▶ [Required action]
Exactly and only the lines from the one with "Chevron Dream Amethyst Point" through the last line of the records need to be set down; please skip the pictures.
*** Opening of Exercise data ***
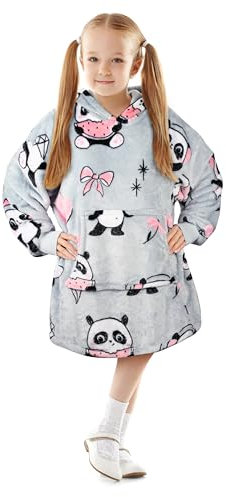 Catalonia Classy Couverture à capuche pour enfants - Sweat à capuche surdimensionné - En polaire douillette - Pour filles et garçons - Couverture portable - Sherpa moelleux - Géant sweat à capuche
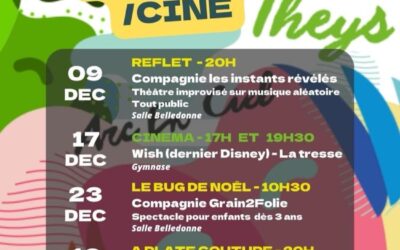 Le programme Théâtre Ciné Arc En Ciel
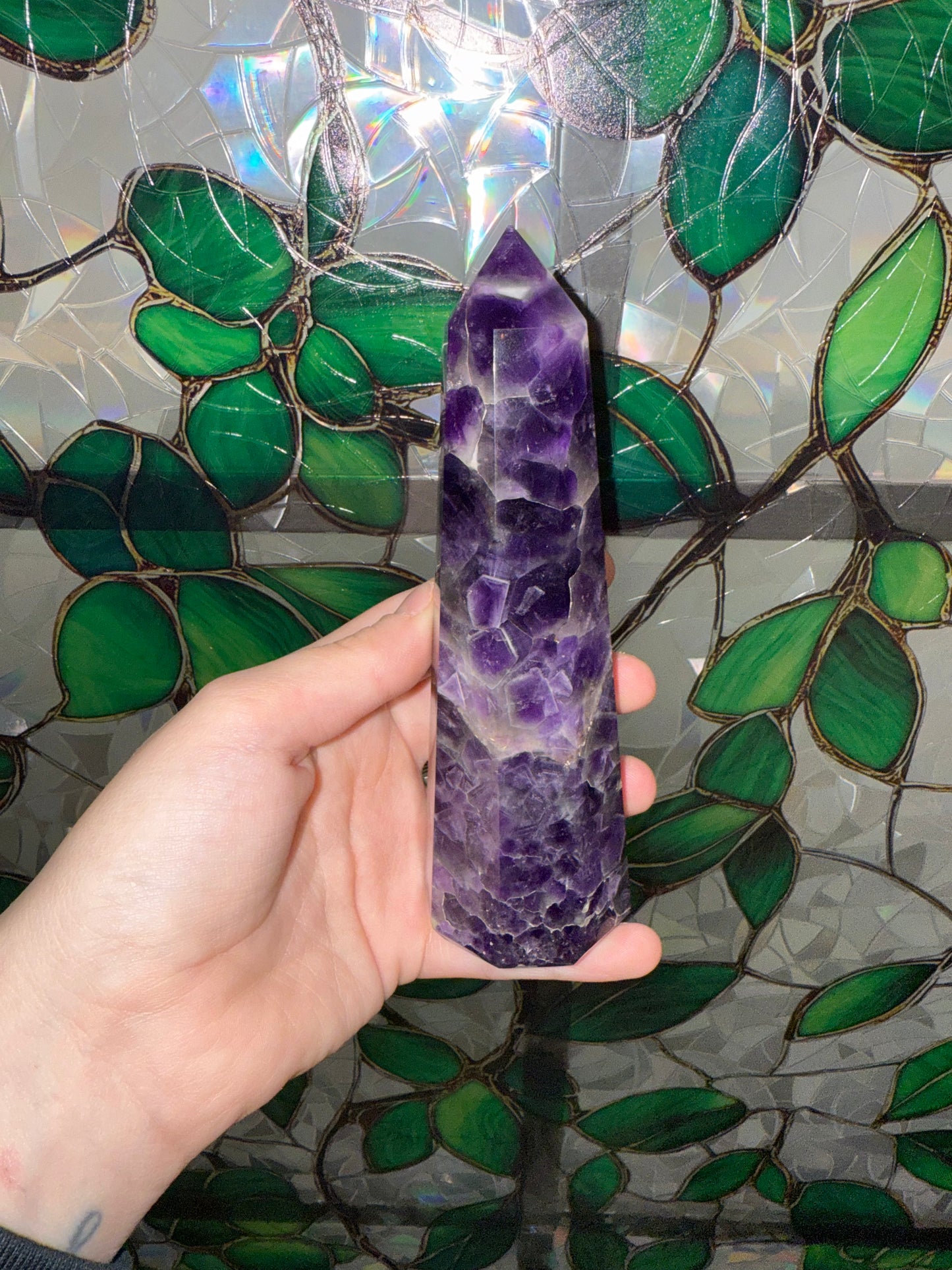 Chevron Dream Amethyst Point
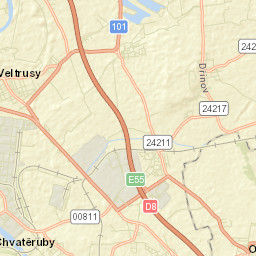 Odolena Voda Street Map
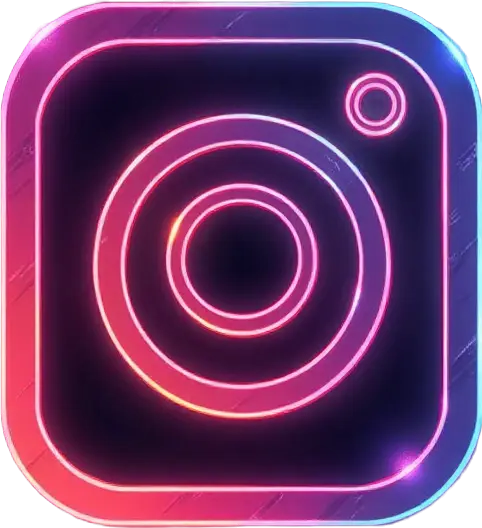 Neon Camera Icon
*** Close of Exercise data ***
▶ [Solution for this task]
 Chevron Dream Amethyst Point
 Odolena Voda Street Map
 Neon Camera Icon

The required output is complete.